One New Contestant To Bring Down The King: Apache Pulsar

Apache Kafka seems to be the standard solution in nowadays architecture, but we should focus if it is the right choice for our needs.

Nowadays, we’re in a new age of Event-Driven Architecture, and this is not the first time we’ve lived that. Before microservices and cloud, EDA was the new normal in enterprise integration. Based on different kinds of standards, there where protocols like JMS or AMQP used in broker-based products like TIBCO EMS, Active MQ, or IBM Websphere MQ, so this approach is not something new.

With the rise of microservices architectures and the API lead approach, it seemed that we’ve forgotten about the importance of the messaging systems, and we had to go through the same challenges we saw in the past to come to a new messaging solution to solve that problem. So, we’re coming back to EDA Architecture, pub-sub mechanism, to help us decouple the consumers and producers, moving from orchestration to choreography, and all these concepts fit better in nowaday worlds with more and more independent components that need cooperation and integration.

During this effort, we started to look at new technologies to help us implement that again. Still, with the new reality, we forgot about the heavy protocols and standards like JMS and started to think about other options. And we need to admit that we felt that there is a new king in this area, and this is one of the critical components that seem to be no matter what in today’s architecture: Apache Kafka.

And don’t get me wrong. Apache Kafka is fantastic, and it has been proven for so long, a production-ready solution, performant, with impressive capabilities for replay and powerful API to ease the integration. Apache Kafka has some challenges in this cloud-native world because it doesn’t play so well with some of its rules.

If you have used Apache Kafka for some time, you are aware that there are particular challenges with it.

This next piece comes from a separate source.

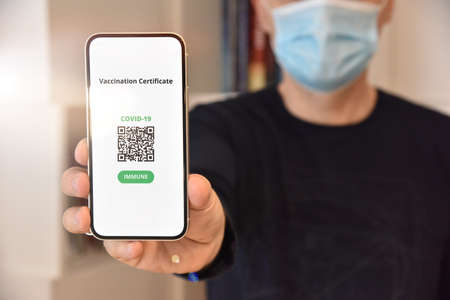 Digital certificate of vaccination against Covid-19. Man with face mask holding mobile phone with...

Apache Kafka has an architecture that comes from its LinkedIn days in 2011, where Kubernetes or even Docker and container technologies were not a thing, that makes to run Apache Kafka (purely stateful service) in a container fashion quite complicated. There are improvements using helm charts and operators to ease the journey, but still, it doesn’t feel like pieces can integrate well into that fashion. Another thing is the geo-replication that even with components like MirrorMaker, it is not something used, works smooth, and feels integrated.

Other technologies are trying to provide a solution for those capabilities, and one of them is also another Apache Foundation project that has been donated by Yahoo! and it is named Apache Pulsar.

Don’t get me wrong; this is not about finding a new truth, that single messaging solution that is perfect for today’s architectures: it doesn’t exist. In today’s world, with so many different requirements and variables for the different kinds of applications, one size fits all is no longer true. So you should stop thinking about which messaging solution is the best one, and think more about which one serves your architecture best and fulfills both technical and business requirements.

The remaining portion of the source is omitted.